Financial Times Highlights L&E 2.0 Initiative

Law and business: A marriage of convenience

As businesses have become ever more inter­national in focus and reach, the law firms and lawyers who work for them have adopted a more global approach to ­ensure they are equipped to cope with complex cross-border deals and provide advice across jurisdictions.

That is feeding through to the ­institutions that train the lawyers of the future: law schools are placing increasing emphasis on commercial law and business knowledge, often through innovative joint ventures with business schools.

Of the law schools participating in this year’s FT Innovative Law Schools’ listing of Master of Laws (LLM) programmes, about 40 per cent co-operate with a business school to deliver jointly taught courses.

In the US, the University of Chicago has ­pioneered the application of economics to the study and practice of law.

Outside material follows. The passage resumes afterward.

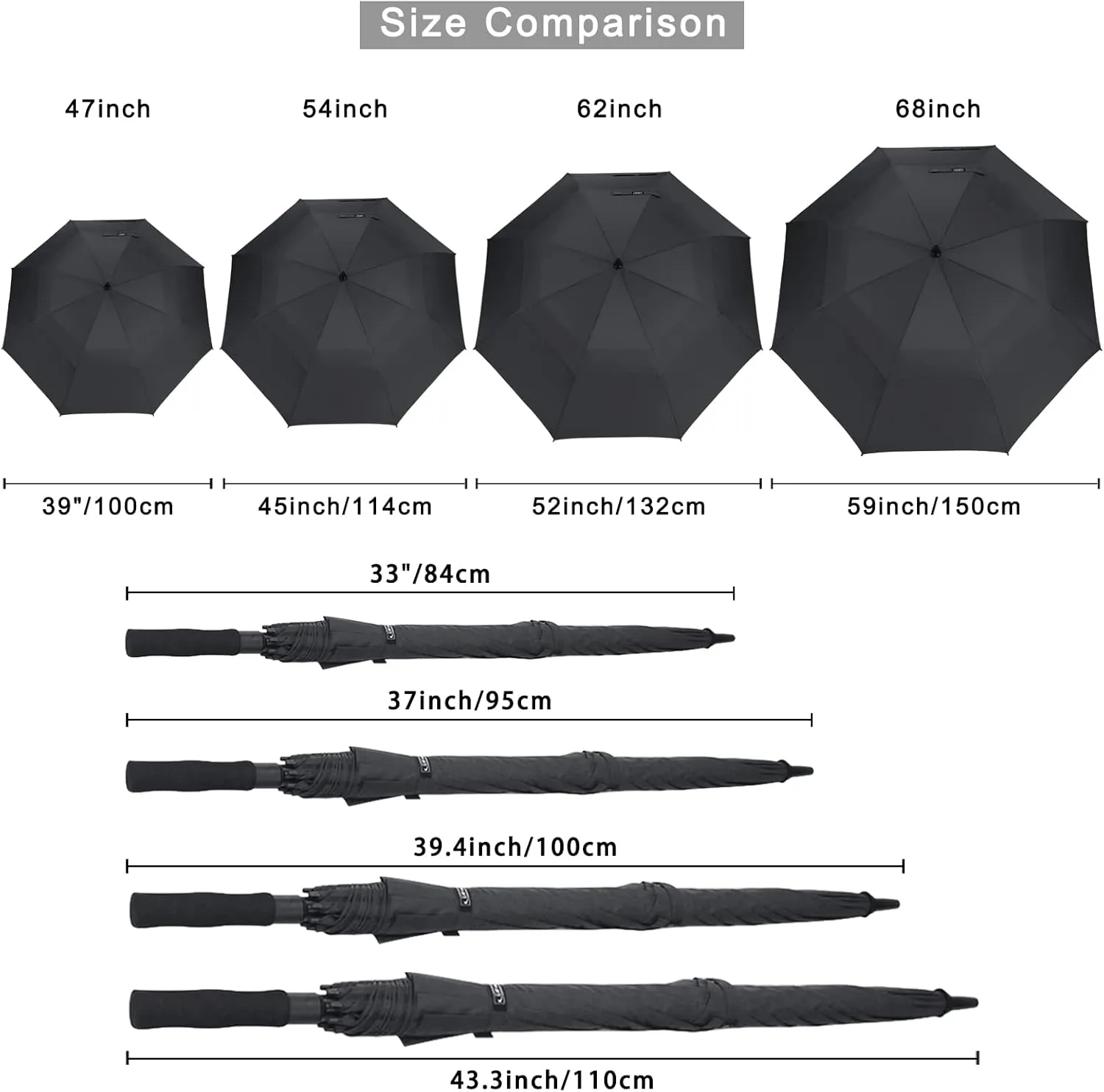 G4Free 47/54/62/68 Inch Automatic Open Golf Umbrella Oversize Extra Large Double Canopy Vented Windproof Waterproof Stick Umbrellas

Last month its law school launched its “Law and Economics 2.0 Initiative”. At the heart of the initiative is the Institute for Law and Economics, which brings ­together 34 faculty members with the aim of ­being a catalyst for strengthened inter­disciplinary research between the law school, the department of economics and the university’s Booth School of Business. Among the five economists participating in the institute, two – Gary Becker and Ronald Cause – are Nobel Prize winners.

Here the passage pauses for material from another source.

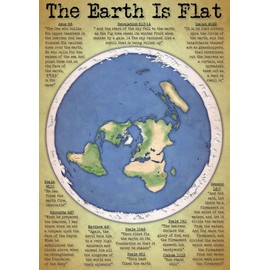 Flat Earth Map With Biblical Scripture (Flat Earth poster)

Michael Schill, dean of University of ­Chicago Law School, says that through training ­international students the school seeks to ­export insights of law and economics developed in ­Chicago to other countries’ legal systems. This is not grounded in ideology, he says, but necessity. Noting that ill-conceived regulation and insufficient oversight were fundamental to the financial crisis, he says: “At a time when the insights of economics are more important than ever, it is irresponsible to establish law without understanding economic costs.”